静岡県には天竜川、大井川、安倍川と大きな川があって、その上流部はどこも険しい山中であり、え?こんなところに?と言いたくなるような山と山のはざまに、ポツリポツリと10軒ほどの集落が隔離されたようにあるのが、国土地理院の地図で分かる。もちろん、グーグルマップでも分かる。空撮で見たらもっとよく分かる。
そういう集落を探すのが好きなのは私だけかと思ったら、ちゃんとテレビ番組で「ポツリと一軒家」なんていうのをやっていたりする。
孤立孤立と災害のたびに言うけれど、そういう集落は元々孤立していたのであり、電気とか車道とかができたら、孤立しているのが異常であることとして語られるようになる。

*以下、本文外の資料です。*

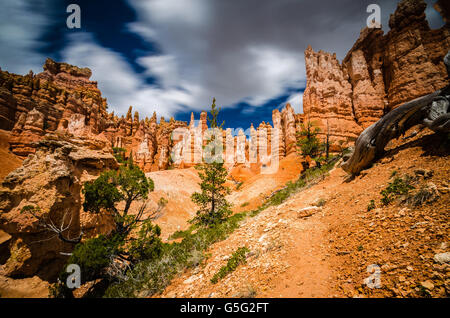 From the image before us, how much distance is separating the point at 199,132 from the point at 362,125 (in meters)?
38.6

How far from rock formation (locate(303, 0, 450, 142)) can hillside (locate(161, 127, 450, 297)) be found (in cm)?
2975

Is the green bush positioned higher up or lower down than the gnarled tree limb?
lower down

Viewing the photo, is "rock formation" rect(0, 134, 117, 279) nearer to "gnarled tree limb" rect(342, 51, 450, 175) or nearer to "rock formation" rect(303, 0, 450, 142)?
"gnarled tree limb" rect(342, 51, 450, 175)

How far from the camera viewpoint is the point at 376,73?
34.6 m

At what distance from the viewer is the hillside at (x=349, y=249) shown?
96.0 inches

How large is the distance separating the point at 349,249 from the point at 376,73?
150ft

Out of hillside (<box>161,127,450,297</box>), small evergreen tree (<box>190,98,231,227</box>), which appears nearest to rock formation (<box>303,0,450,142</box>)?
small evergreen tree (<box>190,98,231,227</box>)

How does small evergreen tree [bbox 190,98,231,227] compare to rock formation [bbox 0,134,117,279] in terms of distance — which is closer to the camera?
rock formation [bbox 0,134,117,279]

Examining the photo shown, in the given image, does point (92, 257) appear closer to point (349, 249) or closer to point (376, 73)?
point (349, 249)

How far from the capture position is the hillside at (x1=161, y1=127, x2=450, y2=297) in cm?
244

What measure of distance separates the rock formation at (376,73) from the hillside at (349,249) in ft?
97.6

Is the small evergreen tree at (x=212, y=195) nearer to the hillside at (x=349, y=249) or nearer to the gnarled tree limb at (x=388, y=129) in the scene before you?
the hillside at (x=349, y=249)

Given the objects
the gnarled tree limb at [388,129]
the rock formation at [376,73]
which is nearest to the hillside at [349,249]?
the gnarled tree limb at [388,129] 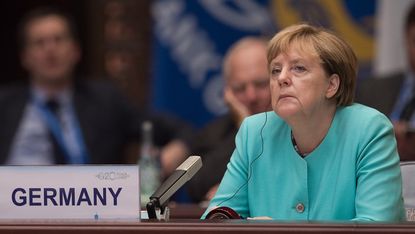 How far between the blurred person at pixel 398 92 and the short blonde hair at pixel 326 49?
7.05ft

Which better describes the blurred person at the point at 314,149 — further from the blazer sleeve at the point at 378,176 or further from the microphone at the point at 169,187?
the microphone at the point at 169,187

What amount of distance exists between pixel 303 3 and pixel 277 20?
18cm

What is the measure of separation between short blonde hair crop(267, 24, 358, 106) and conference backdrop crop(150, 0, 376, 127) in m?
3.19

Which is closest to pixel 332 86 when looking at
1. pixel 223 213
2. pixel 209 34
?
pixel 223 213

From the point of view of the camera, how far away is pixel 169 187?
306 centimetres

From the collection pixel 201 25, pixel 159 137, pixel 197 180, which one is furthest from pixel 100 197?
pixel 201 25

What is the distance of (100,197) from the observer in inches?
116

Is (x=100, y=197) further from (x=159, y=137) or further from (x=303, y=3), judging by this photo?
(x=303, y=3)

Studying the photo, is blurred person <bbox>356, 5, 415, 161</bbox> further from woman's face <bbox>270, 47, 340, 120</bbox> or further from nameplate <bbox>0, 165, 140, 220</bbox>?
nameplate <bbox>0, 165, 140, 220</bbox>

もっとも本当に完全に孤立していたわけではなく、昔はちゃんと人間が歩いて行き来しており、そこに住む人が農作物を出荷するために下山したり、逆に農作物を買い付ける人が下から上がってきたり、行商の人がいたりしていたのである。今の世の中で言う「孤立」というのは、電気が途切れて車が行けないということを指すようである。電気と車がないと生存できないと信じられている世の中である。
以上は前置きでありまして。
安倍川上流のとんでもない山奥に集落があるのを地図で発見して、
いや、発見したというと偶然見つけたようだが、そういう集落はないかと探した上で目星をつけ、車で登っていった。6月頃のことである。
それはほんとうにとんでもない山奥で、道の下は谷になっており、車で行くのがとても怖い。

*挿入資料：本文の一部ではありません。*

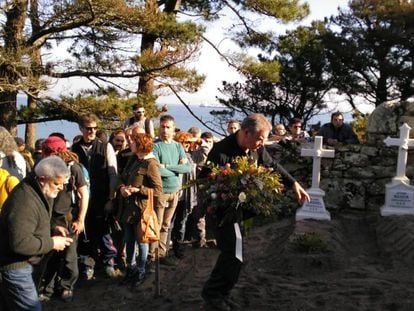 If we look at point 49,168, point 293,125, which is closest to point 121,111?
point 293,125

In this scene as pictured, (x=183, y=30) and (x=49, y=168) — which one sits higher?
(x=183, y=30)

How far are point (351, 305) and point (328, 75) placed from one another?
1793 cm

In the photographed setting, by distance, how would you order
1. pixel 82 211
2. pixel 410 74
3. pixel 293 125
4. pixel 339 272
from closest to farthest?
pixel 82 211
pixel 339 272
pixel 293 125
pixel 410 74

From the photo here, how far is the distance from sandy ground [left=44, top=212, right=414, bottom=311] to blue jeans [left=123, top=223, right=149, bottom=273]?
0.26 m

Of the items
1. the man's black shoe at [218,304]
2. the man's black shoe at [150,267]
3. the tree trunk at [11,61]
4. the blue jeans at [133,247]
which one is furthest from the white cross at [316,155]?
the tree trunk at [11,61]

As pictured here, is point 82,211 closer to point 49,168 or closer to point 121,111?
point 49,168

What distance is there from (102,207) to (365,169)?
4.78 metres

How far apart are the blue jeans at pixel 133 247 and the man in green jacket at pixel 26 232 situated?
1.95m

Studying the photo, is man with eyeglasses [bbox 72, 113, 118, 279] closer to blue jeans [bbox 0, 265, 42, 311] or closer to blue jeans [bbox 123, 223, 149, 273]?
blue jeans [bbox 123, 223, 149, 273]

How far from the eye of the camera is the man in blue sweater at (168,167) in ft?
20.6

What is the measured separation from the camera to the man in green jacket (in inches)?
134

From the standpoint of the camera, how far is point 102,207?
6258 millimetres

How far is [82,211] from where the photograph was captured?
536 centimetres

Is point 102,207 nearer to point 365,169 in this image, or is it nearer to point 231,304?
point 231,304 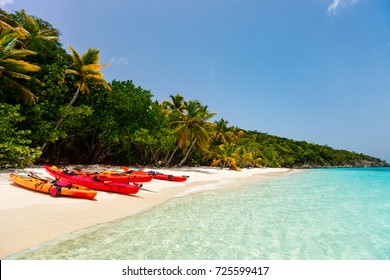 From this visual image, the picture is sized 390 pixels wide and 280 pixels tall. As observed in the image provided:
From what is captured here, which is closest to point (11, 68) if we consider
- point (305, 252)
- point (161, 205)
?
point (161, 205)

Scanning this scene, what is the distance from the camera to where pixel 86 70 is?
19.1 meters

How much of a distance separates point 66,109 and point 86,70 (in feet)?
14.4

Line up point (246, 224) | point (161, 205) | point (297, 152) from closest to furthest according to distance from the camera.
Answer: point (246, 224) < point (161, 205) < point (297, 152)

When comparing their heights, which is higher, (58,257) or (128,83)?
(128,83)

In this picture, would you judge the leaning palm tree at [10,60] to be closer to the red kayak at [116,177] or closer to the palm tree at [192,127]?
the red kayak at [116,177]

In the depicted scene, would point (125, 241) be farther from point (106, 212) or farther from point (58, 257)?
point (106, 212)

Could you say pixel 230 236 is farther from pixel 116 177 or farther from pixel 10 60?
pixel 10 60

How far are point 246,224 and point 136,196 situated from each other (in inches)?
223

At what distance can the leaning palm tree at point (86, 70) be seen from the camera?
19.2 m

こんな怖い思いをしたのは、10年ほど前に奈良県の十津川村に行って以来である。
しかしながら、その奥の里に住んでいる人は慣れているらしく、1台だけすれ違った車のドライバーは高年女性だったが、ぶーうーん、すいーっ、と絶壁のカーブを軽やかにすっ飛ばしていくのであった。
ひぇーっ。怖い。
そしてその山奥の集落にたどり着くと、人影が全くなかった。
集落はきれいに手入れされており、家々の庭も荒れているということはないけど、戸には雨戸が立てられたりして、全く住んでいる気配がない。

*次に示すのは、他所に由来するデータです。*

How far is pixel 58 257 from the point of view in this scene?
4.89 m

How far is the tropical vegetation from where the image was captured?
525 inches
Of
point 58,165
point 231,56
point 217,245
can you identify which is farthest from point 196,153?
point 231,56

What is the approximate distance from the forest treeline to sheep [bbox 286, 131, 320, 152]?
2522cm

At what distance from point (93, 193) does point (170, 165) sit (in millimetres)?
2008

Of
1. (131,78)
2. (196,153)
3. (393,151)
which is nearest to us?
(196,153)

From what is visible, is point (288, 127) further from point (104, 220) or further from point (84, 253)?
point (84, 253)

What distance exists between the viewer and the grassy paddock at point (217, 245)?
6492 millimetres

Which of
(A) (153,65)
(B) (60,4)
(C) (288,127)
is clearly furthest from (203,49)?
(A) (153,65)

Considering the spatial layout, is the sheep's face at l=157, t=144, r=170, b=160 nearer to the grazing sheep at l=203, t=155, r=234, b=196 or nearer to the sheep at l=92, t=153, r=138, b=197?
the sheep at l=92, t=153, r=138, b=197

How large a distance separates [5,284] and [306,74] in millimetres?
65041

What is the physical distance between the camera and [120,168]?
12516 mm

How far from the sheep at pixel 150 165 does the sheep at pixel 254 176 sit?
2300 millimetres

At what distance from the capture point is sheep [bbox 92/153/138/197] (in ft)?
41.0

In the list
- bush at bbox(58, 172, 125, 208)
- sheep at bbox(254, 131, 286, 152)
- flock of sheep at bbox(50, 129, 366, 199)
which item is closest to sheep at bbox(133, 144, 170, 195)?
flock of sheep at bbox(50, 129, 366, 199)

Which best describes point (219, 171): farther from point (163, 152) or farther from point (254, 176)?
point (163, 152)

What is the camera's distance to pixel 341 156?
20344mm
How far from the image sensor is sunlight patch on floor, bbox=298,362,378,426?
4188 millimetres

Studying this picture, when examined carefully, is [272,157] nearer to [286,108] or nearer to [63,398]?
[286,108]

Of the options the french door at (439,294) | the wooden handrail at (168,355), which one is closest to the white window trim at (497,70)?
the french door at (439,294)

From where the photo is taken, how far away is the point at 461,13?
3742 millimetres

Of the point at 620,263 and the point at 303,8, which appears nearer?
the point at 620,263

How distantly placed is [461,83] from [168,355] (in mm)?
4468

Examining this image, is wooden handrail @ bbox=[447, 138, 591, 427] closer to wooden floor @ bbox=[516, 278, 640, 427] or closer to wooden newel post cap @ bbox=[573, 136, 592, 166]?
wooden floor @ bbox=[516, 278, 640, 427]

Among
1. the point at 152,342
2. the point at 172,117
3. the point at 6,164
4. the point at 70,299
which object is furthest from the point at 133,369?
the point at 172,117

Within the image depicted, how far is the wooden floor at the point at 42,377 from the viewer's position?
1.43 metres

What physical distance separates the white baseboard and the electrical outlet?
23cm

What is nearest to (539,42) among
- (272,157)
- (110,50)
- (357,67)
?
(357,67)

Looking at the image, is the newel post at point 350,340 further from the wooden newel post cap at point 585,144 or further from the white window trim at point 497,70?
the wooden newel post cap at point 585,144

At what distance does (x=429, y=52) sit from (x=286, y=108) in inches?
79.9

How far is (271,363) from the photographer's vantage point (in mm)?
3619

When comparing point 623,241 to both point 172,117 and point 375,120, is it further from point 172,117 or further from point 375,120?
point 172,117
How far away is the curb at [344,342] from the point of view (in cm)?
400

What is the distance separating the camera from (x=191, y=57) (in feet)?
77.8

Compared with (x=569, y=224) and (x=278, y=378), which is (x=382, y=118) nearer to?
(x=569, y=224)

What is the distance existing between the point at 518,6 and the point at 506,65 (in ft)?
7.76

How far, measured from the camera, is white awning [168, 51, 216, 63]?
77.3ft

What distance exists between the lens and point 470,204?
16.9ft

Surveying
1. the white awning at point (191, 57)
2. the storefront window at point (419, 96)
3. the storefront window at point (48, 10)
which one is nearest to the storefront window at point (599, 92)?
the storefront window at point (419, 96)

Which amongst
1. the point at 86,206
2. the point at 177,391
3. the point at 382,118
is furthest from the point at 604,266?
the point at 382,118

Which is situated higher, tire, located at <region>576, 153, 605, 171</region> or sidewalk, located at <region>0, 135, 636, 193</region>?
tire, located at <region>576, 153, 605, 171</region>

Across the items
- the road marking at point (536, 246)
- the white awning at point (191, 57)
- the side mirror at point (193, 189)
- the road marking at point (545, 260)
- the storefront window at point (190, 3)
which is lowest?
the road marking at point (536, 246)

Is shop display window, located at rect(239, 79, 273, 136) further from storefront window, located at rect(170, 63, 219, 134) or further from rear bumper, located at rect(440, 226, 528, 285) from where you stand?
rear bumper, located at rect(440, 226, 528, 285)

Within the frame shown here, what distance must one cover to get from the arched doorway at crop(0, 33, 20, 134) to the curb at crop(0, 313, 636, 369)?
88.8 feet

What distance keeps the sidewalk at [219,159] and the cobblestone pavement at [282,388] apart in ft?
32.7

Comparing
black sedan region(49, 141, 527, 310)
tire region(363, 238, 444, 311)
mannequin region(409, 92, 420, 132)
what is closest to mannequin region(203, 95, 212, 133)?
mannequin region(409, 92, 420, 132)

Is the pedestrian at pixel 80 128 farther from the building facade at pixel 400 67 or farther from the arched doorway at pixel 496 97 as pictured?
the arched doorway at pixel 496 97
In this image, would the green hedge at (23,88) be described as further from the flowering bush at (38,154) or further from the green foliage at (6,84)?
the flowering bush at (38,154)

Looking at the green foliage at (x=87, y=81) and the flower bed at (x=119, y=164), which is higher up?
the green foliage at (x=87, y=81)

その「住んでいる気配のなさ」を感じさせる原因は何よりも、家庭菜園のなさであった。
こんな山間地では夏だったらキュウリやナスやトマトやササゲ豆やゴーヤーやピーマンやジャガイモなどは、必ず作っているものである。とりわけこんな下界から離れたところで暮らそうと思えば、そういう野菜がなければ不便で仕方ない。少なくともネギがなければ生きていけない。電気がなくても不便だが、ネギがないのも困る。ネギがあるだけで豊かな暮らしだと感じられると思う(ちがうか?)。冷蔵庫なんか作動しなくても、すぐそこで収穫できれば冷蔵庫は要らないのである。
その集落は一面が茶畑であった。静岡茶は天竜川と大井川流域だけなのかと思っていたが、安倍川もだと知った。茶畑は茶の収穫を終えて葉が伸び始めているのだった。明らかに、夏も近づく八十八夜頃に茶摘みを、……まあ茶摘みといってもアカネだすきの女の人が細い指で摘むんじゃなくてバリカンでガーッと刈る茶刈りかもしれないが、そういう仕事がされている現役の茶畑だった。ここの家の人たちは、元はここに住んでいたけど、さすがに不便なので下界に下りてしまって、でも茶畑があるので茶の収穫や手入れの仕事のときだけ上がってくるのだろうと思った。すなわちここは集落としてはもう棄てられたところ……? 廃村?
しかし。
もしかするとそもそもここは出作り集落なのかも、と思う。出作りとは、アルプスの少女ハイジの家のように、冬は街に住み、夏だけ山に別荘をつくって住みながらそこで山仕事をするのである。私の住んでいるところの近隣の長野県清内路村では出作りを行なっており出作り小屋があったらしい。
この集落の家は、小屋ではなくちゃんとした立派な家なので、何とも言い難いのだが、出作りでなかったら、もし定住するところだとしたら、どうしてこんな山奥に住み付いたのだろう。その必然性がよく分からない。あまりにも隔離されすぎている。
それを考え始めると、そもそもどうしてこの山奥に茶畑を作ったのだろうと思う。もっと手前に空地(山だけど)はいっぱいあるのだから、そこを切り拓けばよかったのに。
こんな山奥は大抵、平家の落人うんぬんとか言われるけど、そういう話は実感がなさすぎてどうも簡単に信じる気になれない。
静岡県の出作り集落についてネットで調べるも、出てこない。町史とか県史とか論文とか検索しないとだめっぽい。
*正面の山(谷の向こう)の上の方にも、隔離されたような集落があるのが見える。茶畑があるようだ。